The influx of state prison inmates to local jail facilities continues to be a challenge facing Santa Barbara County’s justice system, and the Board of Supervisors heard Tuesday from Sheriff’s Department officials about the impacts.
Assembly Bill 109 is the “public safety realignment bill” aimed at reducing overcrowding, costs and recidivism in state prisons. The bill produces cost savings for the state by allowing more convicted criminals to serve their sentences in county jails rather than be sent to state prisons.
Before that bill, a sentenced inmate could spend a maximum of one year in county jail, but sentence times are increasing exponentially as more serious offenders stay in local lockups.
In March, one man was sentenced to serve 23 years in the Santa Barbara County Jail.
Realignment brings the most significant changes the criminal justice system has seen in more than 30 years, Probation Chief Beverly Taylor told the supervisors on Tuesday. Since October 2011, the county has seen 24 percent more state prisoners than expected.
It’s been a “considerable increase in workload” for all areas of law enforcement, including jail, probation, courts, the District Attorney’s Office and the public defender, she said.
An increase in what Taylor called “NX3s” will be serving time in local custody. Those are people who have committed non-violent, non-serious, and non-sex-related offenses, usually involving drug sales or property crimes. The Probation Department is pushing for these criminals to serve a split sentence, with some time in custody and the rest under supervision in the community, Taylor said.
Sheriff Bill Brown told the supervisors that his department is making “every effort to make AB109 as successful as possible.”
However, the county’s jail was inadequate before AB109 prisoners were introduced, and the department continues to release people early to create more space.

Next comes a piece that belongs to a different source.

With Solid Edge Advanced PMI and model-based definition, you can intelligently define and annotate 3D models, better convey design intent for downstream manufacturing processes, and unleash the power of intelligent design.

With AB109, “we end up getting people that cannot be released,” he said. “We’re running out of people who are good bets to push out early.”
Whether Santa Maria’s jail facility could be opened up to prisoners was brought up during the discussion. That building is currently used only as a booking station before they are transported to the South Coast jail, but the facility has 20 beds that could be used for long-term prisoners.

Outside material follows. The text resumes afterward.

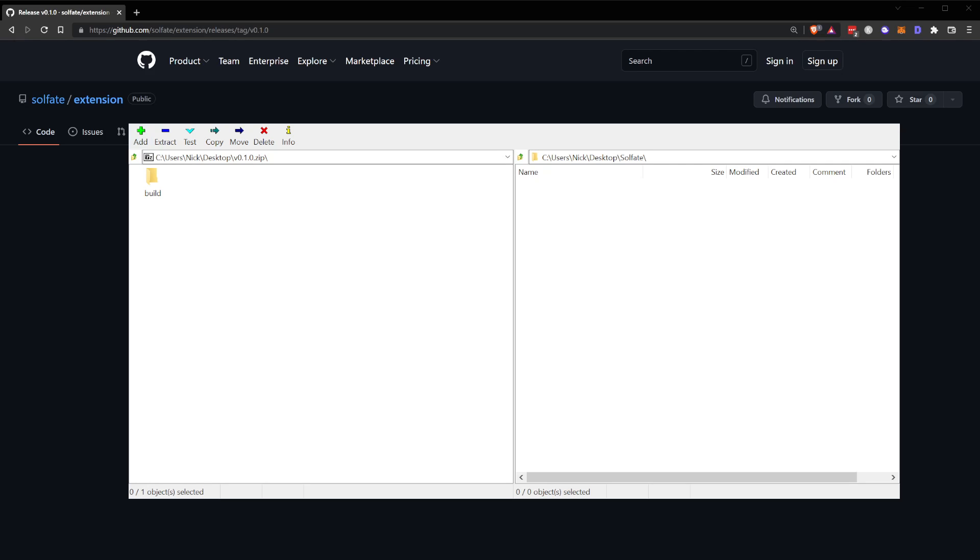Extract the build folder from inside the archive into anywhere on your computer. In my case, I'm on my desktop inside of a Sulfate folder.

But Brown said the department doesn’t have enough custody deputies to open the facility.
Brown said he’s still actively seeking funding for the jail, another $20 million, and that legislation has been drafted that could refund the county with that money back from the state. Brown said he hopes to come back in June with an update.
What exactly the financial implications mean for the county are unclear, and Supervisor Salud Carbajal asked for more analysis from the county CEO’s office.